Search code examples
cutility-method

Don't fully understand custom-written 'memcpy' function in C


So I was browsing the Quake engine source code earlier today and stumbled upon some written utility functions. One of them was 'Q_memcpy':

void Q_memcpy (void *dest, void *src, int count)
{
    int             i;

    if (( ( (long)dest | (long)src | count) & 3) == 0 )
    {
        count>>=2;
        for (i=0 ; i<count ; i++)
            ((int *)dest)[i] = ((int *)src)[i];
    }
    else
        for (i=0 ; i<count ; i++)
            ((byte *)dest)[i] = ((byte *)src)[i];
}

I understand the whole premise of the function but I don't quite understand the reason for the bitwise OR between the source and destination address. So the sum of my questions are as follows:

  • Why does 'count' get used in the same bitwise arithmetic?
  • Why is that result's last two bits checked if they are differing?
  • What purpose does this whole check serve?

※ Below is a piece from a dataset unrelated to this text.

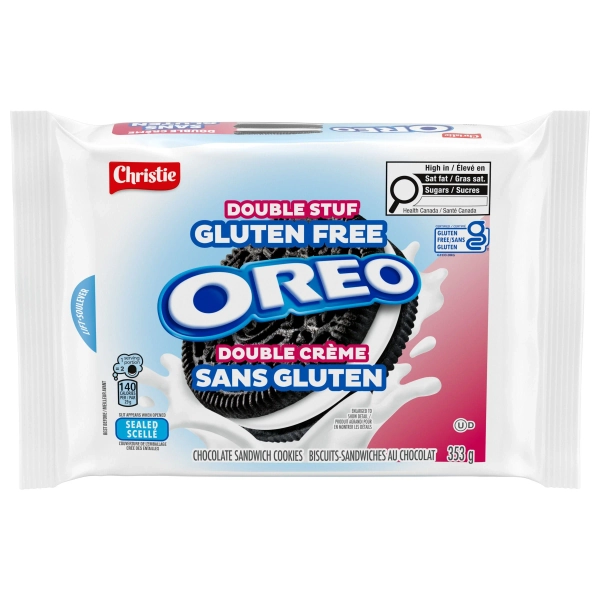 OREO Gluten Free, Double Stuf Chocolate Sandwich Cookies, 353 g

I'm sure it's something obvious but please excuse my ignorance because I haven't really delved into the more low level side of things when it comes to programming. I just find it interesting and want to learn more.


Solution

  • It first tests if all 3 arguments are divisible by 4. If - and only if - they all are, it proceeds with copying 4 bytes at a time.

    I.e. this undecoded would be

    if ((long) src % 4 == 0 && (long) dst % 4 == 0 && count % 4 == 0 )
    {
        count = count / 4;
        for (i = 0; i < count; i++)
            ((int *)dest)[i] = ((int *)src)[i];
    }
    

    I am not sure if they tested their compiler and it generated bad code for even a test, and therefore they decided to write it in such a convoluted way. In any case, the x | y | z will guarantee that a bit n is set in the result if it is set in any of x, y or z. Therefore if the (x | y | z) & 3 results in 0, none of the numbers had either of the 2 lowest bits set, and therefore are divisible by 4.


    Of course it would be rather silly to use now - the standard library memcpy in recent library implementations is almost certainly better than this.

    Therefore, on recent compilers you can optimize all calls to Q_memcpy by switching them to memcpy. GCC could generate things like 64-bit or SIMD moves with memcpy depending on the size of area to be copied.